Pictures with short captions
►

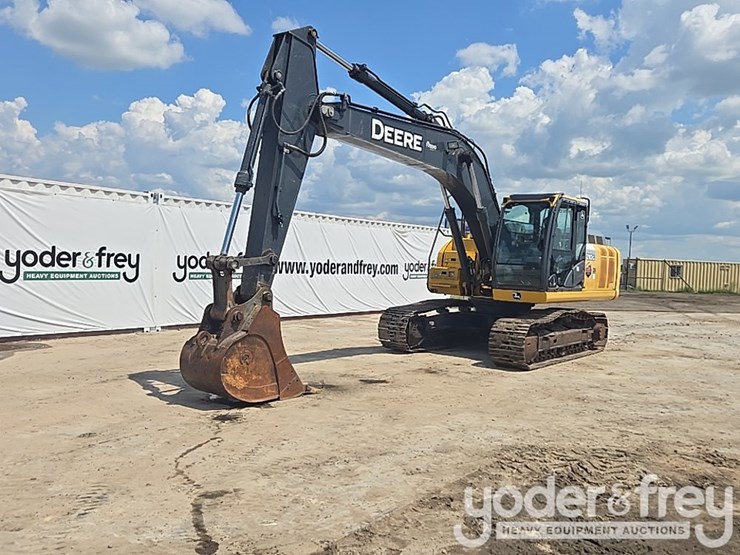 2017-deere-210g-lc-image-1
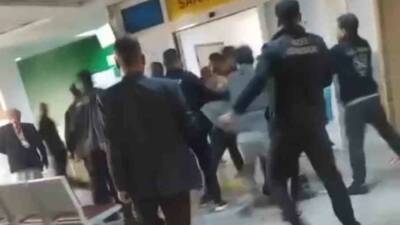 Devlet Hastanesi acil servisinde husumetli iki aile arasında çıkan kavga,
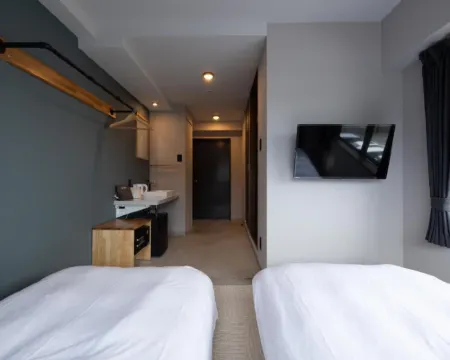 Hostel Waraku Hotels in Toyooka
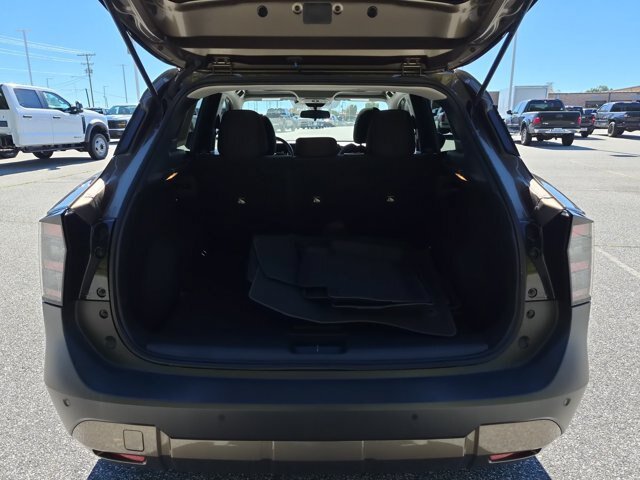 Used 2025 Nissan Kicks SV w/ SV Premium Package FWD image 31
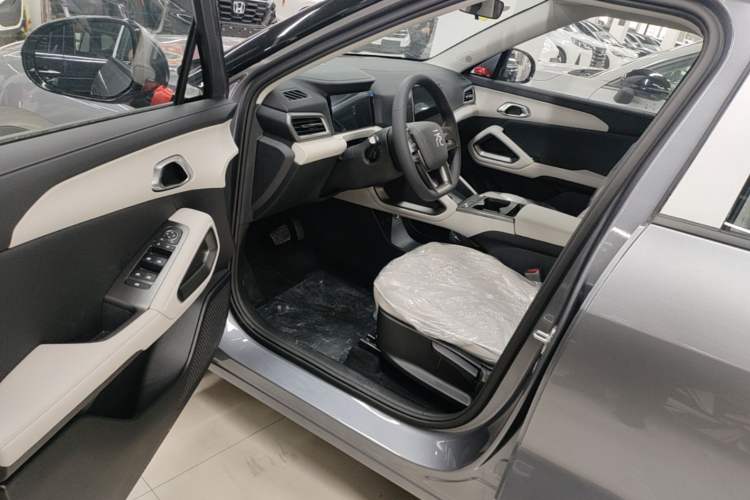 Used BYD Yuan UP 2025 Model 301KM Leading Version Driver Seat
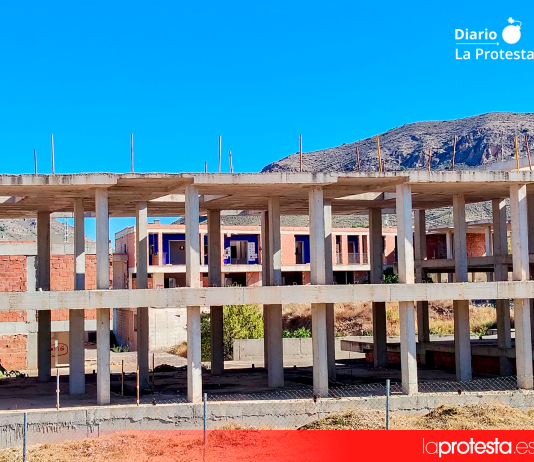 Viviendas promovidas por SUVILOR en La Paca, abandonadas y vandalizadas tras el fracaso de la promoción urbanística | Foto: IU-Verdes Lorca.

◄

[Brief]
Retype only the lines that run from the first line of the entries above to the line containing "Used BYD Yuan", both included. Do not carry over any pictures.

[Response below]
 2017-deere-210g-lc-image-1
 Devlet Hastanesi acil servisinde husumetli iki aile arasında çıkan kavga,
 Hostel Waraku Hotels in Toyooka
 Used 2025 Nissan Kicks SV w/ SV Premium Package FWD image 31
 Used BYD Yuan UP 2025 Model 301KM Leading Version Driver Seat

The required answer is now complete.